> _Data to use_:

· · · ·

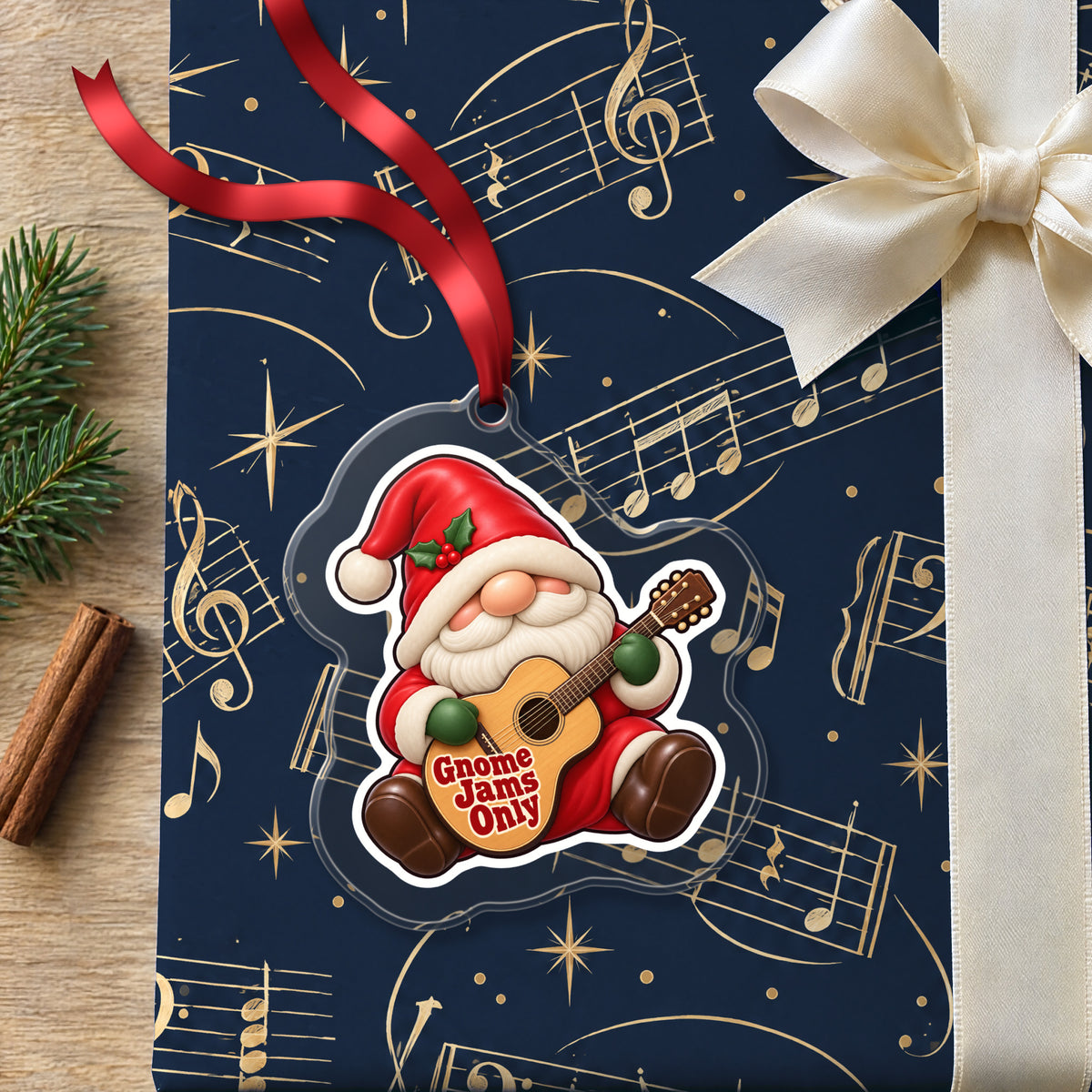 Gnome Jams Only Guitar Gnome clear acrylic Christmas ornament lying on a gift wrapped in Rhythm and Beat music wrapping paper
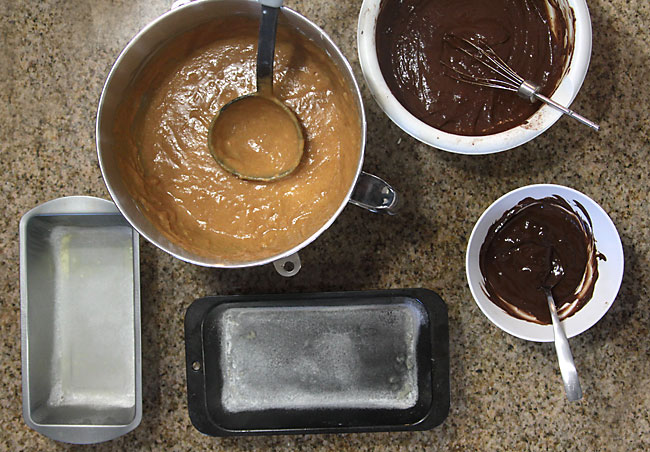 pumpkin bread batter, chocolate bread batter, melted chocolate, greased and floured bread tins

· · · ·

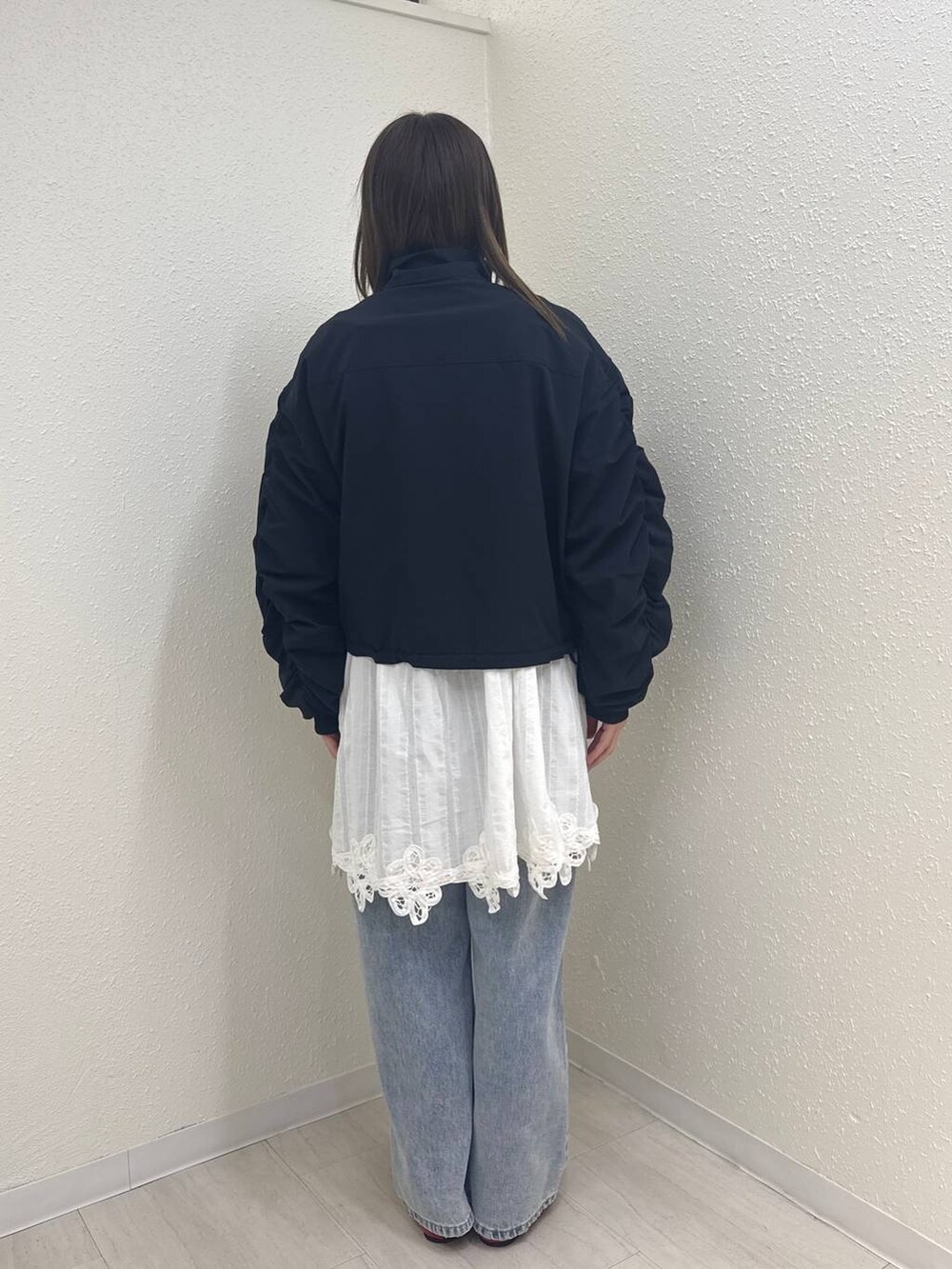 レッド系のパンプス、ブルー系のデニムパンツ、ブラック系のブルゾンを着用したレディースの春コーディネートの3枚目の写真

· · · ·

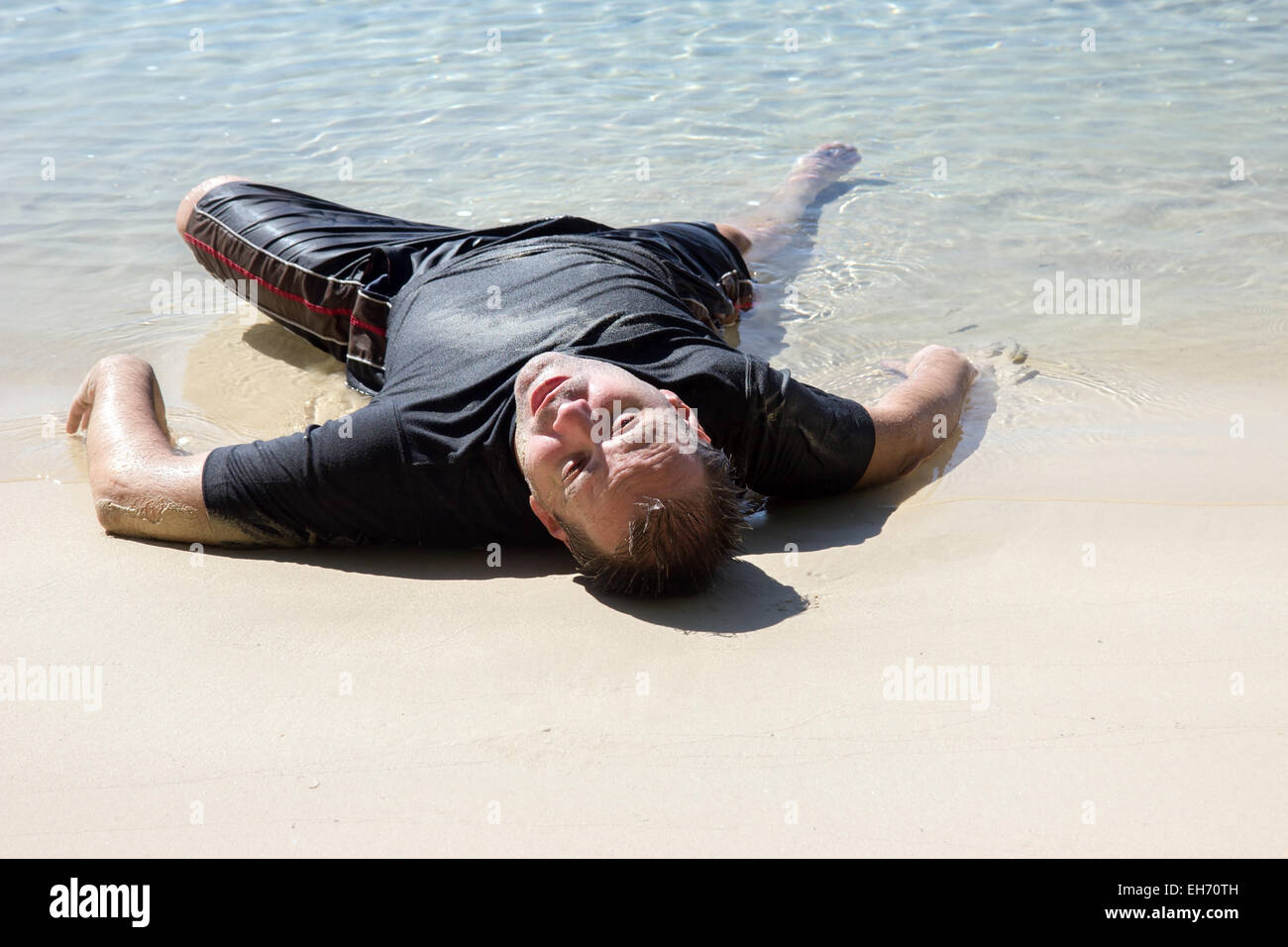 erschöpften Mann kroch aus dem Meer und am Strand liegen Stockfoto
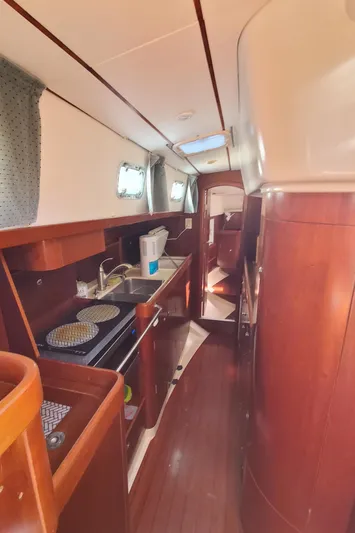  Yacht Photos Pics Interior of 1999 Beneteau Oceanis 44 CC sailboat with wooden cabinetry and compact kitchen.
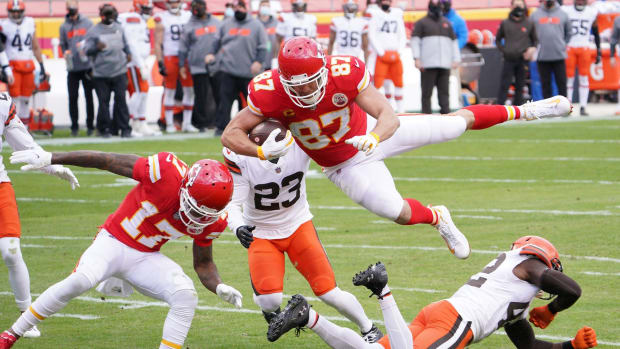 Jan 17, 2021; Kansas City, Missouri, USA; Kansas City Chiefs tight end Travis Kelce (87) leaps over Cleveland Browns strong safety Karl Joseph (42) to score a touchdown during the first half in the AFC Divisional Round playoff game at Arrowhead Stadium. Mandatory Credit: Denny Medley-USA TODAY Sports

· · · ·

> _What the task requires_: With pictures excluded, reproduce exactly the lines above from the one containing "Gnome Jams Only" down to the one containing "pumpkin bread batter, chocolate", those two included.

> _Written response_:
 Gnome Jams Only Guitar Gnome clear acrylic Christmas ornament lying on a gift wrapped in Rhythm and Beat music wrapping paper
 pumpkin bread batter, chocolate bread batter, melted chocolate, greased and floured bread tins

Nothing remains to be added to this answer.